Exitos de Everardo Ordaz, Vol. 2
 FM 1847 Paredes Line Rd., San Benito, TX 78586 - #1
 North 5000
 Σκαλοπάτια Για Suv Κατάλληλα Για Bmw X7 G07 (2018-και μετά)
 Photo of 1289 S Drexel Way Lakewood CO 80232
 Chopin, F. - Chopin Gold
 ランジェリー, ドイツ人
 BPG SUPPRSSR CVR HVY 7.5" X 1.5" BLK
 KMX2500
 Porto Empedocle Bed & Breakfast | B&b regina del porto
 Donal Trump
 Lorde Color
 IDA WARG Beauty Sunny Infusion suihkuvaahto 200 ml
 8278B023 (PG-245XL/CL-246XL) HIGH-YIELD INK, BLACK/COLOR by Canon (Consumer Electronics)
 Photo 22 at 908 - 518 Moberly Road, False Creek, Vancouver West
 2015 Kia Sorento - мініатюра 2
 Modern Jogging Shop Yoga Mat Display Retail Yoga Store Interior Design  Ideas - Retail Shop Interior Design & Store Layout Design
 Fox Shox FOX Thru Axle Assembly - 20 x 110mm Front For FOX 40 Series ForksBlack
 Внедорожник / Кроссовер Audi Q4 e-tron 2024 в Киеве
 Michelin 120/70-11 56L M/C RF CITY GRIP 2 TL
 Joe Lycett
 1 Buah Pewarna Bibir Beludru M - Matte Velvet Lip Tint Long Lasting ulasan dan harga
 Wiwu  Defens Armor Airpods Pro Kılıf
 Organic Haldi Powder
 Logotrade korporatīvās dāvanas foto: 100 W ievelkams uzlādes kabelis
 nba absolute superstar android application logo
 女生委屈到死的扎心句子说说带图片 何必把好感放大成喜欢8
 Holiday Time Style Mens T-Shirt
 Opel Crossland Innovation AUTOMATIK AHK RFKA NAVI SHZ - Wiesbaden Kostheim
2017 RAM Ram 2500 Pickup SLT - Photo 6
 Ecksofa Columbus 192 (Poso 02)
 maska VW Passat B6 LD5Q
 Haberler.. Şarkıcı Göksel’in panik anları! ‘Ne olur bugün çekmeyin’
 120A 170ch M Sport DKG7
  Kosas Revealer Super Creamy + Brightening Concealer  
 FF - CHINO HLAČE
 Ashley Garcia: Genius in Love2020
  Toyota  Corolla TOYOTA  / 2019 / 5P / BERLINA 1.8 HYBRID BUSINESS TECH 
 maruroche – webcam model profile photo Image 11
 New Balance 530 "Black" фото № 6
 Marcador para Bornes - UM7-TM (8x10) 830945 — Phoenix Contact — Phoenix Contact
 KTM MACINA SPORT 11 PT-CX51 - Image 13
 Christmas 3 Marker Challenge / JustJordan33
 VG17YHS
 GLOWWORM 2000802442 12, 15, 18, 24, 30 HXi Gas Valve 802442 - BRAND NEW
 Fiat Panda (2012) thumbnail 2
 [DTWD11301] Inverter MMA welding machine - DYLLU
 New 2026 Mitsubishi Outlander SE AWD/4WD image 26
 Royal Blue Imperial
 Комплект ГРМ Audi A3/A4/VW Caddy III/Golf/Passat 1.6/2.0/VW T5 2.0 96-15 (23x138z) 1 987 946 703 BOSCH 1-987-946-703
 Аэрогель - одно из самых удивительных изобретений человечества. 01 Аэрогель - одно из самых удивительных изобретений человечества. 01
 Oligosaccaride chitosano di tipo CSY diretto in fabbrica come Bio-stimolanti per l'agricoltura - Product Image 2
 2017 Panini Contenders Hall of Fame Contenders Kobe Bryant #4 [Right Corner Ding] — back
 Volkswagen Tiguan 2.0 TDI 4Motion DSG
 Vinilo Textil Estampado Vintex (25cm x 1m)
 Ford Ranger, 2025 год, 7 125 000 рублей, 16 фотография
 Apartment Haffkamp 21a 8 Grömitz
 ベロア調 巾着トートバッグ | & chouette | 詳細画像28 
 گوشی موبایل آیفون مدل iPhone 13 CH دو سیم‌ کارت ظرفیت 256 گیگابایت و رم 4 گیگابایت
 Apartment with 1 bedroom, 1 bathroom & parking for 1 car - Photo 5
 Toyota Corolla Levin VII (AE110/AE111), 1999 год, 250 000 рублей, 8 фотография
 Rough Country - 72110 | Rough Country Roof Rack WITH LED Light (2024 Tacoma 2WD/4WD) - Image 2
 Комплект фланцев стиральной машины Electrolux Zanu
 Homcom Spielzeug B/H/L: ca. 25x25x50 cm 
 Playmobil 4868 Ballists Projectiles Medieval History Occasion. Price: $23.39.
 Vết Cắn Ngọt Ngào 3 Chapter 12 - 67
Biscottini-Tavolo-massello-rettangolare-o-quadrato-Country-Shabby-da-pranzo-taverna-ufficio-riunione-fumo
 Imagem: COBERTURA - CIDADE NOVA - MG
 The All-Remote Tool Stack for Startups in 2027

- - -

In the material above, find the line containing "Airpods Pro Kılıf" and the line containing "Royal Blue Imperial", then write out exactly those two lines and every line between them, and nothing more.

Task response:
 Wiwu  Defens Armor Airpods Pro Kılıf
 Organic Haldi Powder
 Logotrade korporatīvās dāvanas foto: 100 W ievelkams uzlādes kabelis
 nba absolute superstar android application logo
 女生委屈到死的扎心句子说说带图片 何必把好感放大成喜欢8
 Holiday Time Style Mens T-Shirt
 Opel Crossland Innovation AUTOMATIK AHK RFKA NAVI SHZ - Wiesbaden Kostheim
2017 RAM Ram 2500 Pickup SLT - Photo 6
 Ecksofa Columbus 192 (Poso 02)
 maska VW Passat B6 LD5Q
 Haberler.. Şarkıcı Göksel’in panik anları! ‘Ne olur bugün çekmeyin’
 120A 170ch M Sport DKG7
  Kosas Revealer Super Creamy + Brightening Concealer  
 FF - CHINO HLAČE
 Ashley Garcia: Genius in Love2020
  Toyota  Corolla TOYOTA  / 2019 / 5P / BERLINA 1.8 HYBRID BUSINESS TECH 
 maruroche – webcam model profile photo Image 11
 New Balance 530 "Black" фото № 6
 Marcador para Bornes - UM7-TM (8x10) 830945 — Phoenix Contact — Phoenix Contact
 KTM MACINA SPORT 11 PT-CX51 - Image 13
 Christmas 3 Marker Challenge / JustJordan33
 VG17YHS
 GLOWWORM 2000802442 12, 15, 18, 24, 30 HXi Gas Valve 802442 - BRAND NEW
 Fiat Panda (2012) thumbnail 2
 [DTWD11301] Inverter MMA welding machine - DYLLU
 New 2026 Mitsubishi Outlander SE AWD/4WD image 26
 Royal Blue Imperial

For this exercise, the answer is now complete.